Quando, mesmo de longe, ecoa à nossa porta.
Deixa em louco alvoroço o coração da gente!

E foi no desenrolar do meu pensamento que ele trouxe à minha lembrança uma asserção ajuizada de Schopenhauer: Na primeira juventude, abri certa vez um livro velho e lá estava escrito: «Quem muito ri é feliz, e quem muito chora é infeliz» - uma observação bastante ingénua, mas que não pude esquecer devido à sua verdade singela, por mais que fosse o superlativo de uma verdade evidente. Por esse motivo, devemos abrir portas e janelas à jovialidade, sempre que ela aparecer, pois ela nunca chega em má hora, em vez de hesitar, como muitas vezes o fazemos, em permitir a sua entrada, só porque queremos saber primeiro, em todos os sentidos, se temos razão para estar contentes.
 ( in, Aforismos para a Sabedoria de Vida)
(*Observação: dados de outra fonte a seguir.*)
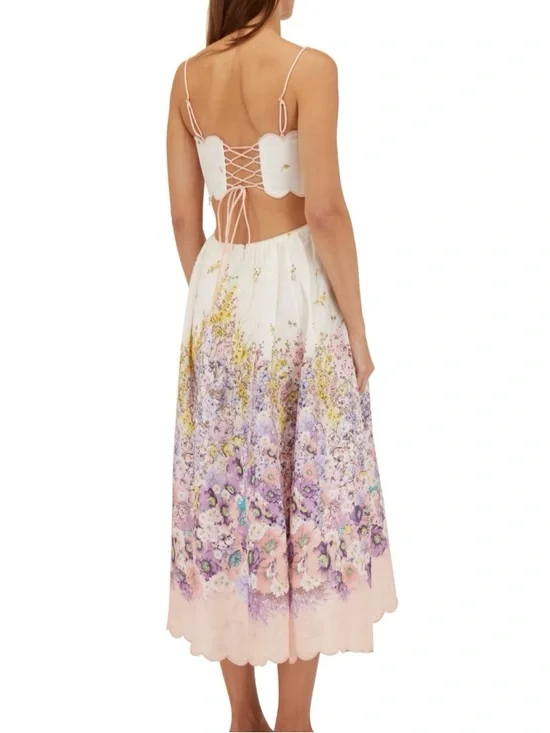 Zimmermann White Floral Scalloped Midi Dress with Pink & Yellow Accents - Picture 4 of 6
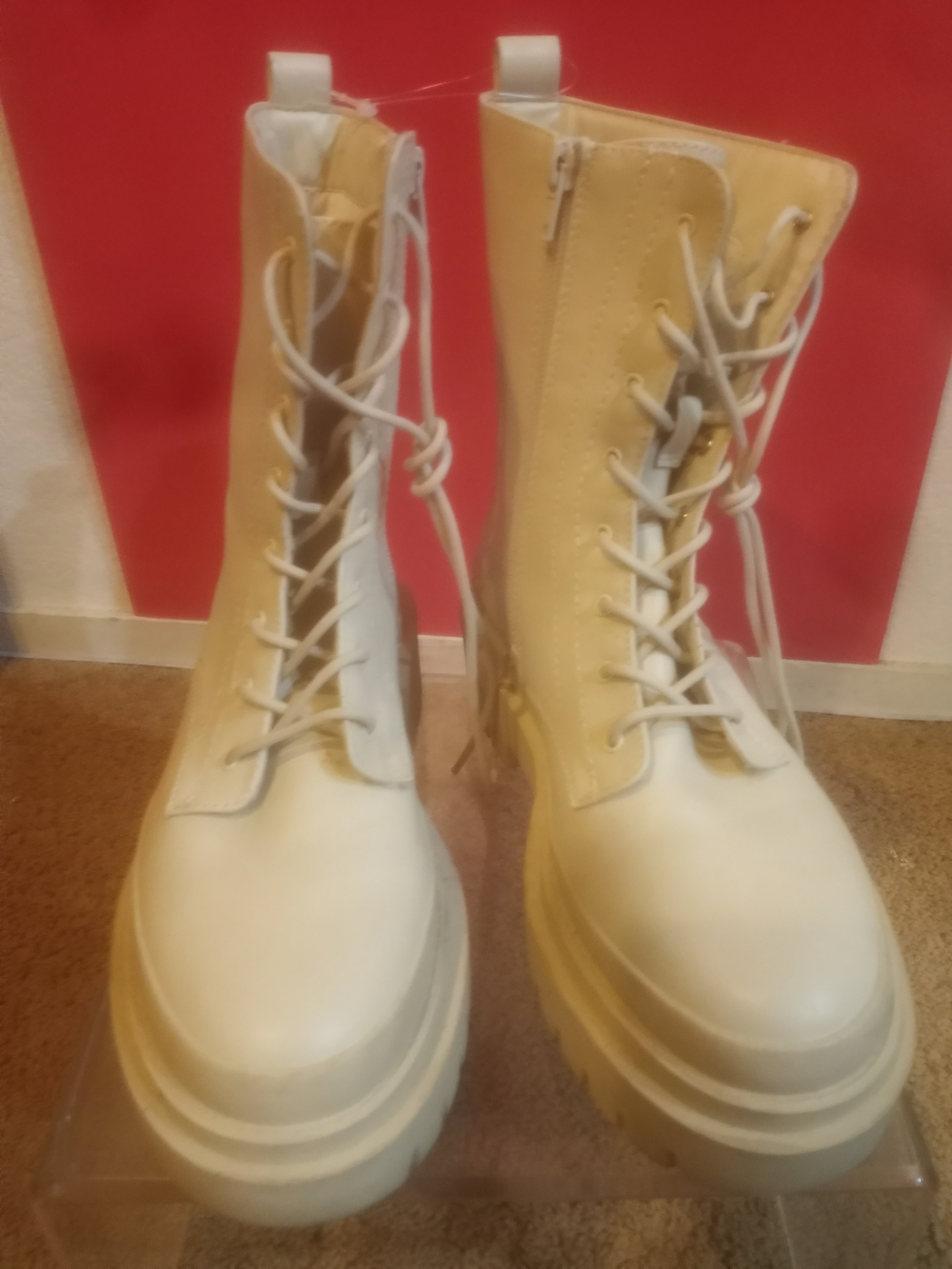 Cool Planet Cream Lace-Up Platform Combat Boots - Women
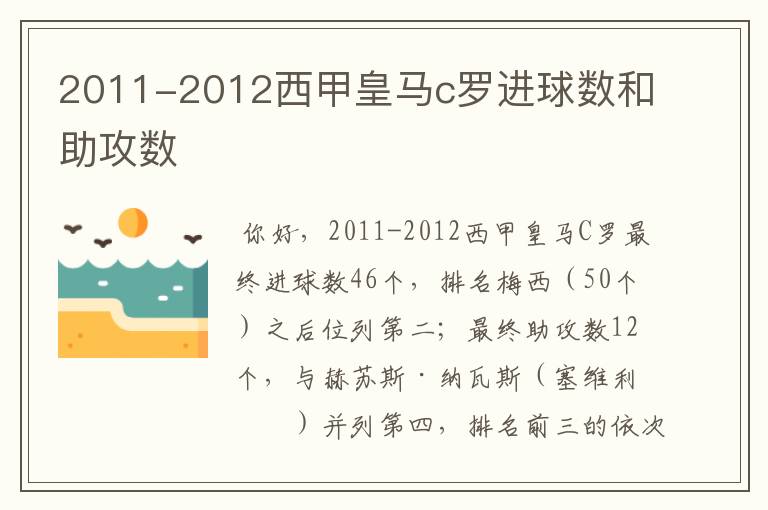 2011-2012西甲皇马c罗进球数和助攻数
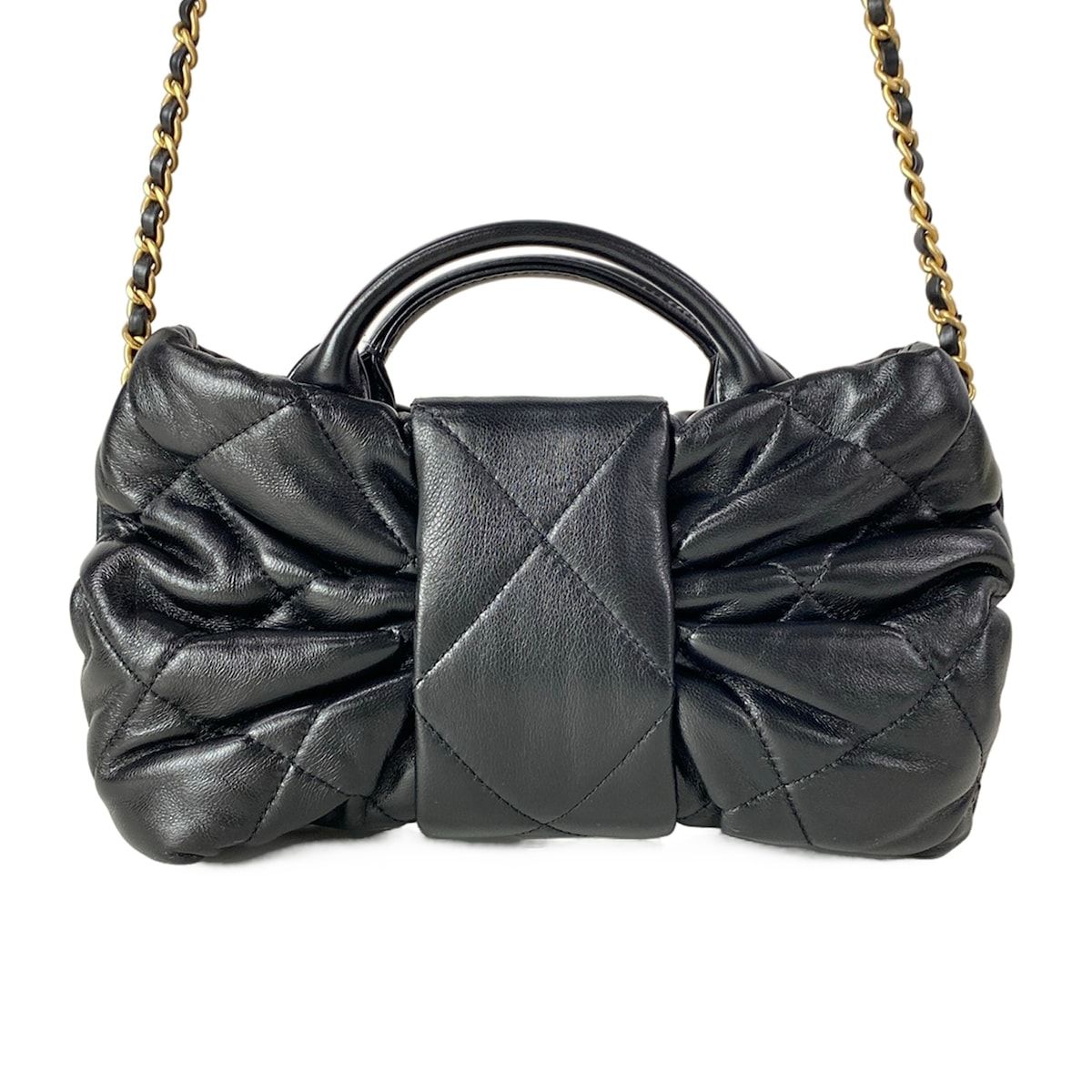 Chanel Handbag Mini Bow Bag Black 2-Way CC Logo Gold Lambskin — view 3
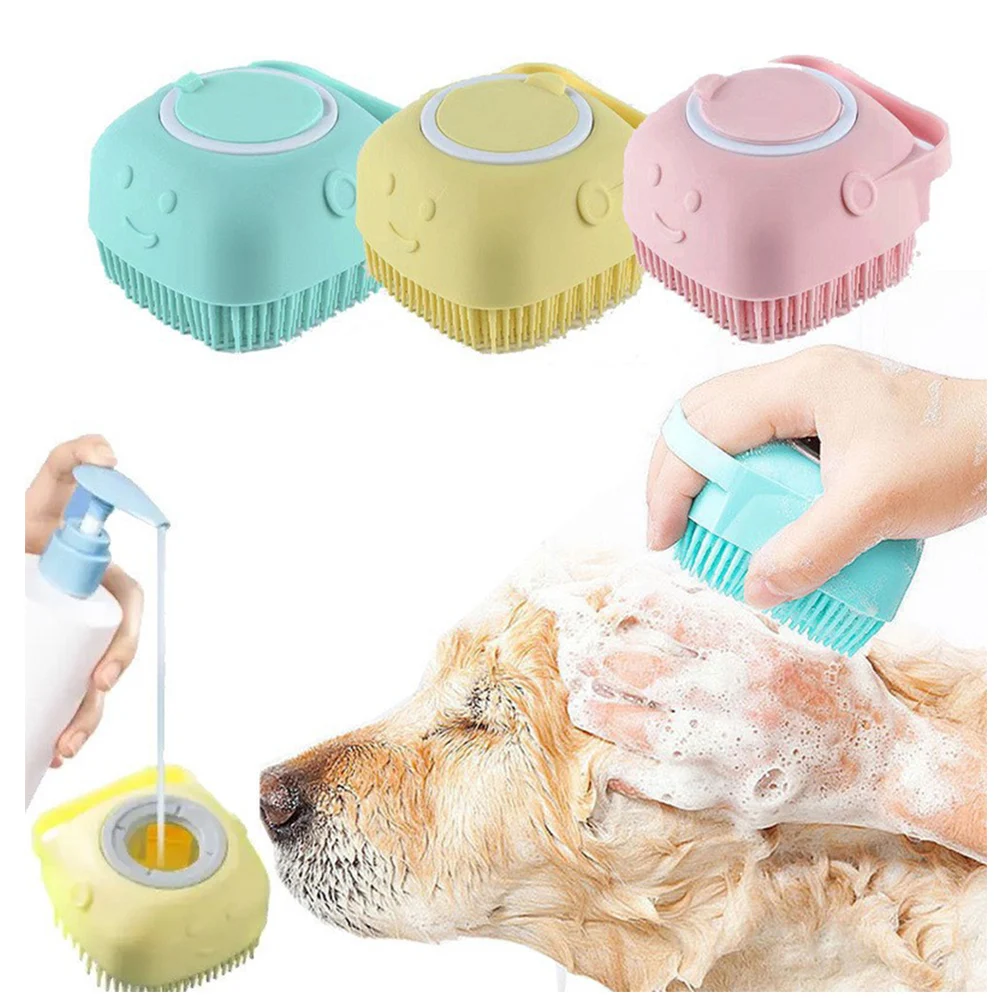 Pet Shampoo Bath Brush Soothing Massage Rubber Comb with Adjustable Ring Handle for Long Short Haired Dogs and Cats Grooming
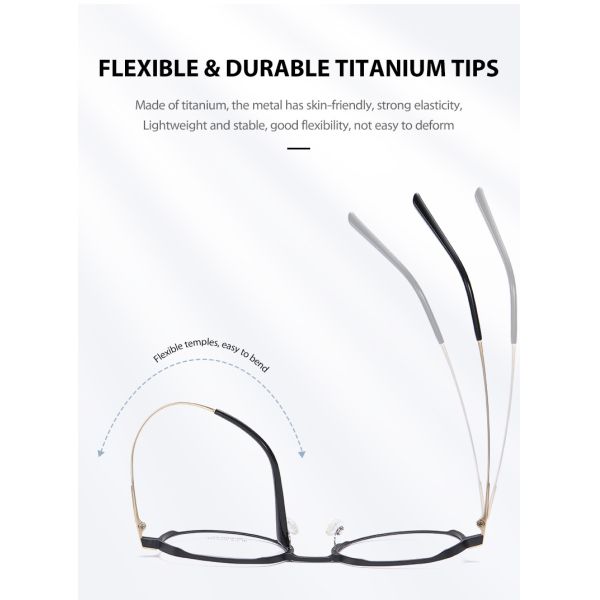 Aluminum Magnesium Titanium Frame Glasses , Custom Lens Round Prescription Glasses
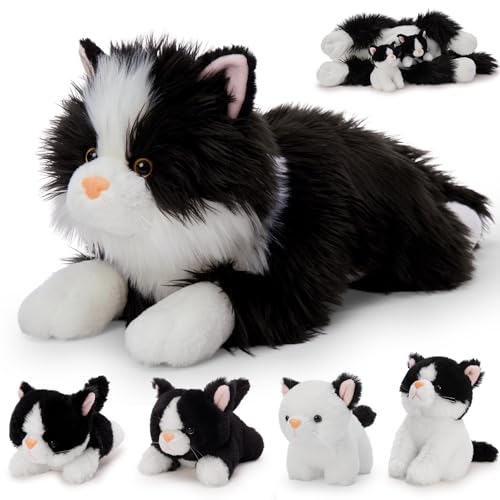 MorisMos 5 stücke Schwarz Katze Kuscheltier XXL Set, 50cm lang riesen Katze Kuscheltier mit Babys im Bauch, catteddy Plüschtier Stofftier Geburtstag Geschenk für Kinder Baby von MorisMos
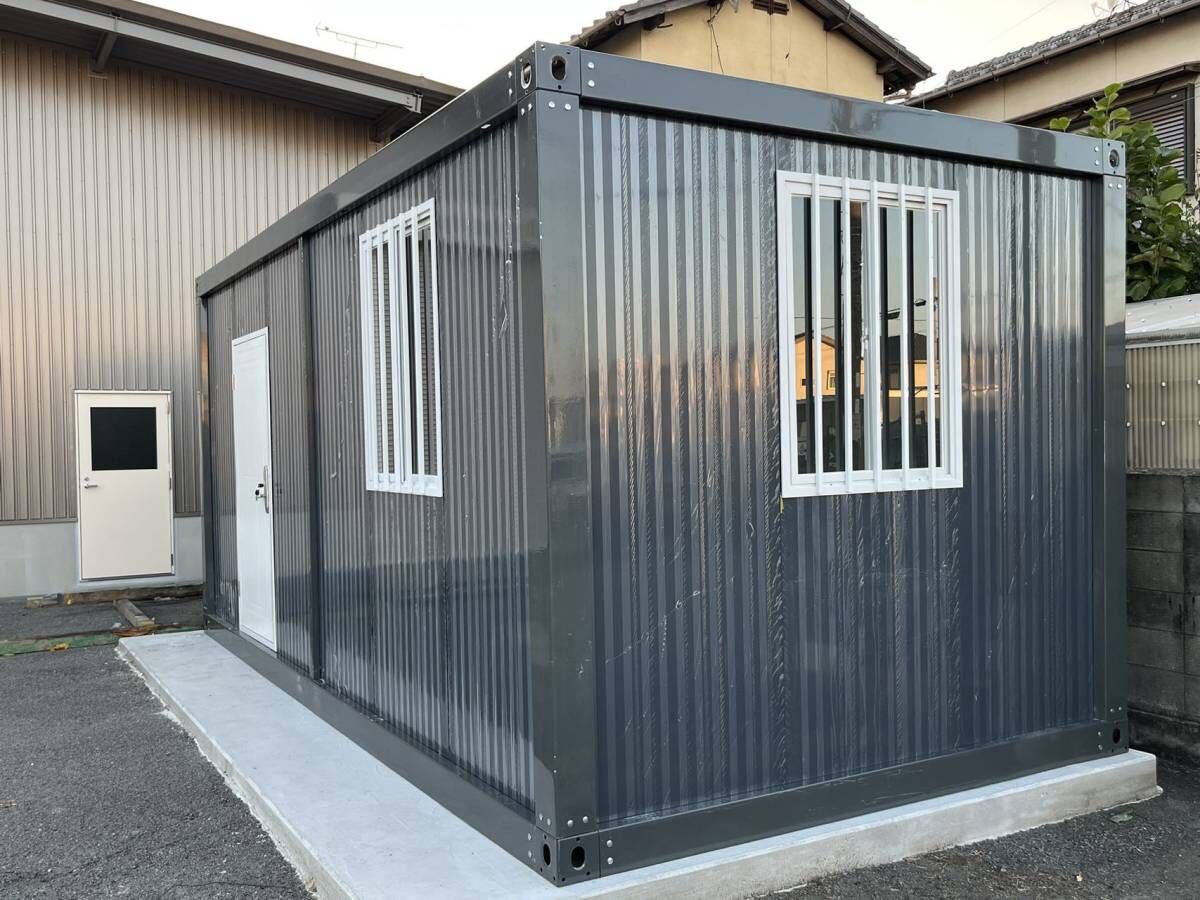 「お客様組立式」 ユニットハウス 3×6ｍ 黒/白 DIY プレハブ 仮設 倉庫 住まい プレハブの画像6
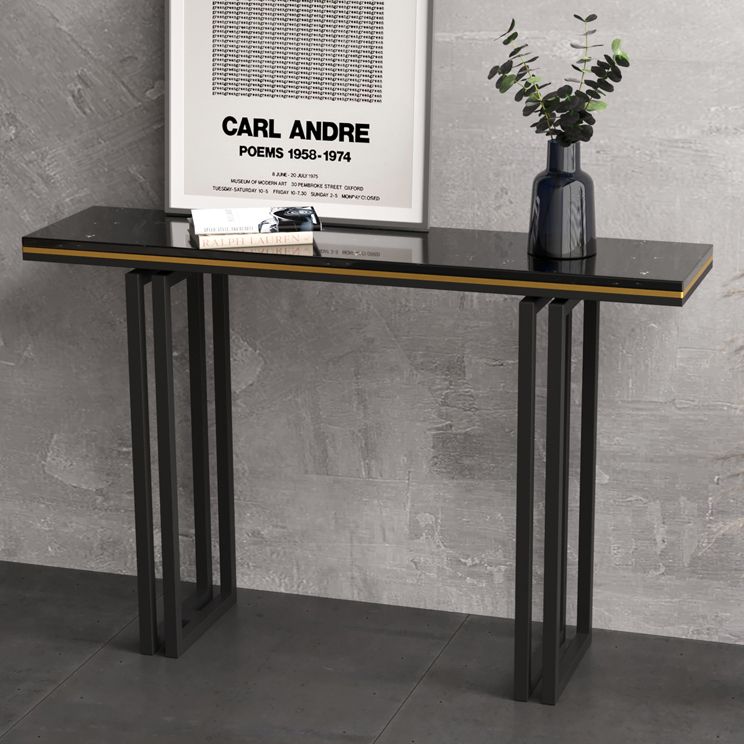 11.8" W Console Table Rectangle Contemporary Slate End Table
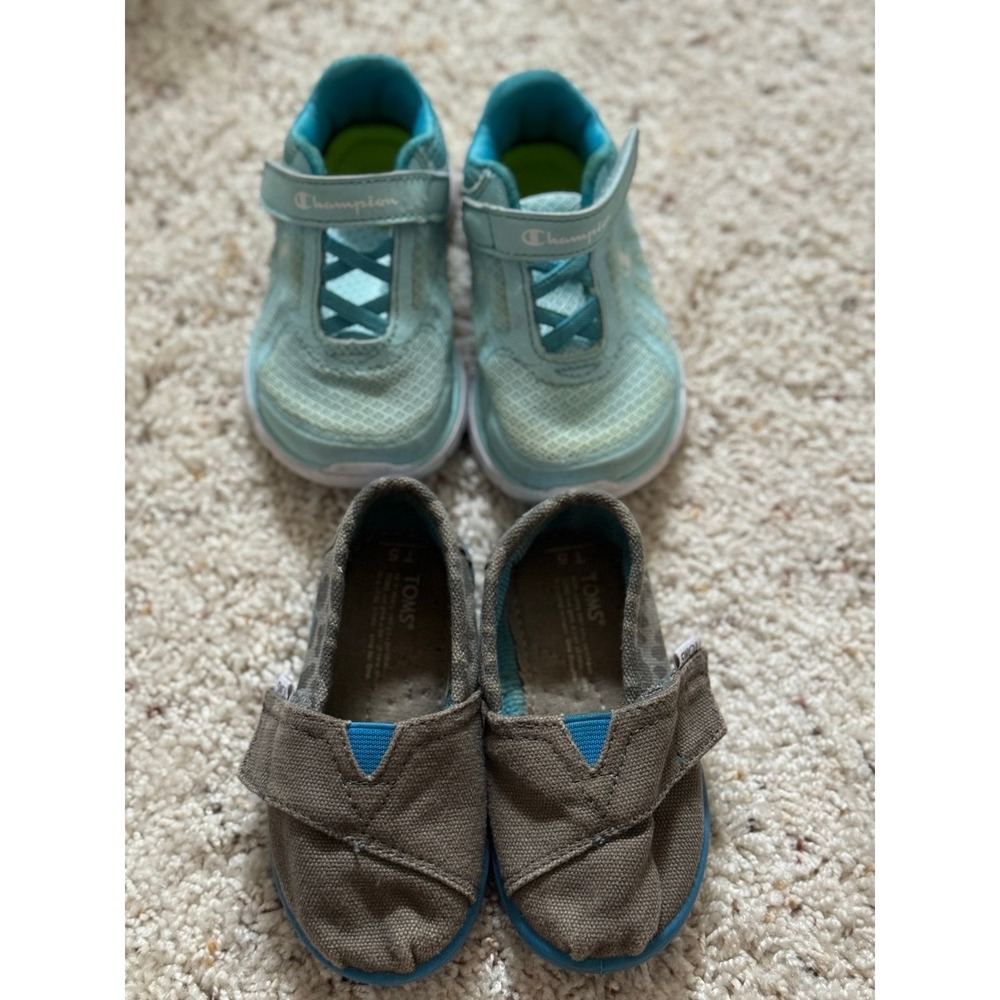 Champion & Toms Toddler Girls Shoes Bundle Blue Gray Slip On Sneakers Size 5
E voltei a ler o Hino à Alegria de António Feijó e a alegrar-me com ele e pelo autor que nos diz, como se quisesse deixar para a posteridade este aviso que, muitas vezes fingimos não seguir, porque a alegria de estarmos vivos nos devia levar a sermos gratos ao Mistério que criou o homem - e a quem dou o nome de Deus - e nem sempre agimos com esse sentimento em que, se nas palavras de louvor - a nossa Dor - se eleva a Deus, pedindo, quantas vezes refrigério para ela, é na Alma, quando ora, que todo o homem por não ser um destino vão, devia alegrar-se, na certeza que Deus o ouve na Dor - para o consolar - e na alegria, para se alegrar com ele.

É António Feijó que o diz:

 A Alegria é falaz; só quem sofre não erra,
 Se a Dor o eleva a Deus, na palavra que O louve;
 A Alma, na oração, desprende-se da terra;
 Jamais o homem é vão diante de Deus que o ouve!